Records from a dataset:
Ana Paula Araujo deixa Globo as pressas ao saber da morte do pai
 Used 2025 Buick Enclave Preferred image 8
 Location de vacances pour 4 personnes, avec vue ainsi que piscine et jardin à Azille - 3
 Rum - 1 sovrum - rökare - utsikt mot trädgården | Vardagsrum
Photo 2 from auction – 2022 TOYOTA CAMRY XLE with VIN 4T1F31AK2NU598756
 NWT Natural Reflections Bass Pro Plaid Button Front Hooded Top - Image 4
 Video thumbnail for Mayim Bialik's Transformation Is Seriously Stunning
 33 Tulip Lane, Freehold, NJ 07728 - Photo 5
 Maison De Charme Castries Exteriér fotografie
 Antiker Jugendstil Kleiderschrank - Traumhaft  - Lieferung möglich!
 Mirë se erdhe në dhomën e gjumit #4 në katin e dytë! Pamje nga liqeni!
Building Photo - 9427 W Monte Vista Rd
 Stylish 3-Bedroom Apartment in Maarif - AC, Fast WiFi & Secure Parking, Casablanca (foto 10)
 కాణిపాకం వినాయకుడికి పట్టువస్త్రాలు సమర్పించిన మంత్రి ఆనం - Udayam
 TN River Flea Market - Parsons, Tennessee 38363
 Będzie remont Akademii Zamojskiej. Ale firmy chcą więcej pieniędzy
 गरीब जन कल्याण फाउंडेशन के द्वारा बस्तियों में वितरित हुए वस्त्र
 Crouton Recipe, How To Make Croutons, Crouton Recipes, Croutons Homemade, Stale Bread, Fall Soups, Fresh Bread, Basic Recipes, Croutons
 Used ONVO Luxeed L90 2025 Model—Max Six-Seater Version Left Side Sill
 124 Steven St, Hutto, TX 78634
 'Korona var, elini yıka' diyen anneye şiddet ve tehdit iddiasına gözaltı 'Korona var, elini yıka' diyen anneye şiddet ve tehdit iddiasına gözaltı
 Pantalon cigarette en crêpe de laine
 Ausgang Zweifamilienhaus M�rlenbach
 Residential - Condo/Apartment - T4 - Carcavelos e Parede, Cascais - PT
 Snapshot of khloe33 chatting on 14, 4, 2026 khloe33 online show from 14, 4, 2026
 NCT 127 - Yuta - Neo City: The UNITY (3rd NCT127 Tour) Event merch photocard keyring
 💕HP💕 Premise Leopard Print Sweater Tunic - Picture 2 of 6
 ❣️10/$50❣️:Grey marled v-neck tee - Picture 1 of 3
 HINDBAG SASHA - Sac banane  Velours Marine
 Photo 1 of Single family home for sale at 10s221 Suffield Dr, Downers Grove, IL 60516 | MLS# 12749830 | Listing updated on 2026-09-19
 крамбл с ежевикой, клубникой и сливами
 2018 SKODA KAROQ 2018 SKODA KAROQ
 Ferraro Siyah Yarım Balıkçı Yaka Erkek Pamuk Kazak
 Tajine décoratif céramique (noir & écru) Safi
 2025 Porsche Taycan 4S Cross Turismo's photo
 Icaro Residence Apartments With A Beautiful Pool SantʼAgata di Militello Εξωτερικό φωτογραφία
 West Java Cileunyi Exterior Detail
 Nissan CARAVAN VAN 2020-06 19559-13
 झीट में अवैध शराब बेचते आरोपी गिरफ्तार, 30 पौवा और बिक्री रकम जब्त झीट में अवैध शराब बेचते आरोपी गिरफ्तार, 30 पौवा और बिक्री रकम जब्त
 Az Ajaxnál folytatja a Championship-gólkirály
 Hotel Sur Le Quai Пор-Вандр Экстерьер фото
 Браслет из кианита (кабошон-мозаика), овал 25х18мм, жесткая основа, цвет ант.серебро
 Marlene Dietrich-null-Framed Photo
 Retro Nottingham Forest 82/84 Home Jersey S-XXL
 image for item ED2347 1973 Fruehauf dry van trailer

Task description:
Generate a verbatim printout of all the entries.

Response:
Ana Paula Araujo deixa Globo as pressas ao saber da morte do pai
 Used 2025 Buick Enclave Preferred image 8
 Location de vacances pour 4 personnes, avec vue ainsi que piscine et jardin à Azille - 3
 Rum - 1 sovrum - rökare - utsikt mot trädgården | Vardagsrum
Photo 2 from auction – 2022 TOYOTA CAMRY XLE with VIN 4T1F31AK2NU598756
 NWT Natural Reflections Bass Pro Plaid Button Front Hooded Top - Image 4
 Video thumbnail for Mayim Bialik's Transformation Is Seriously Stunning
 33 Tulip Lane, Freehold, NJ 07728 - Photo 5
 Maison De Charme Castries Exteriér fotografie
 Antiker Jugendstil Kleiderschrank - Traumhaft  - Lieferung möglich!
 Mirë se erdhe në dhomën e gjumit #4 në katin e dytë! Pamje nga liqeni!
Building Photo - 9427 W Monte Vista Rd
 Stylish 3-Bedroom Apartment in Maarif - AC, Fast WiFi & Secure Parking, Casablanca (foto 10)
 కాణిపాకం వినాయకుడికి పట్టువస్త్రాలు సమర్పించిన మంత్రి ఆనం - Udayam
 TN River Flea Market - Parsons, Tennessee 38363
 Będzie remont Akademii Zamojskiej. Ale firmy chcą więcej pieniędzy
 गरीब जन कल्याण फाउंडेशन के द्वारा बस्तियों में वितरित हुए वस्त्र
 Crouton Recipe, How To Make Croutons, Crouton Recipes, Croutons Homemade, Stale Bread, Fall Soups, Fresh Bread, Basic Recipes, Croutons
 Used ONVO Luxeed L90 2025 Model—Max Six-Seater Version Left Side Sill
 124 Steven St, Hutto, TX 78634
 'Korona var, elini yıka' diyen anneye şiddet ve tehdit iddiasına gözaltı 'Korona var, elini yıka' diyen anneye şiddet ve tehdit iddiasına gözaltı
 Pantalon cigarette en crêpe de laine
 Ausgang Zweifamilienhaus M�rlenbach
 Residential - Condo/Apartment - T4 - Carcavelos e Parede, Cascais - PT
 Snapshot of khloe33 chatting on 14, 4, 2026 khloe33 online show from 14, 4, 2026
 NCT 127 - Yuta - Neo City: The UNITY (3rd NCT127 Tour) Event merch photocard keyring
 💕HP💕 Premise Leopard Print Sweater Tunic - Picture 2 of 6
 ❣️10/$50❣️:Grey marled v-neck tee - Picture 1 of 3
 HINDBAG SASHA - Sac banane  Velours Marine
 Photo 1 of Single family home for sale at 10s221 Suffield Dr, Downers Grove, IL 60516 | MLS# 12749830 | Listing updated on 2026-09-19
 крамбл с ежевикой, клубникой и сливами
 2018 SKODA KAROQ 2018 SKODA KAROQ
 Ferraro Siyah Yarım Balıkçı Yaka Erkek Pamuk Kazak
 Tajine décoratif céramique (noir & écru) Safi
 2025 Porsche Taycan 4S Cross Turismo's photo
 Icaro Residence Apartments With A Beautiful Pool SantʼAgata di Militello Εξωτερικό φωτογραφία
 West Java Cileunyi Exterior Detail
 Nissan CARAVAN VAN 2020-06 19559-13
 झीट में अवैध शराब बेचते आरोपी गिरफ्तार, 30 पौवा और बिक्री रकम जब्त झीट में अवैध शराब बेचते आरोपी गिरफ्तार, 30 पौवा और बिक्री रकम जब्त
 Az Ajaxnál folytatja a Championship-gólkirály
 Hotel Sur Le Quai Пор-Вандр Экстерьер фото
 Браслет из кианита (кабошон-мозаика), овал 25х18мм, жесткая основа, цвет ант.серебро
 Marlene Dietrich-null-Framed Photo
 Retro Nottingham Forest 82/84 Home Jersey S-XXL
 image for item ED2347 1973 Fruehauf dry van trailer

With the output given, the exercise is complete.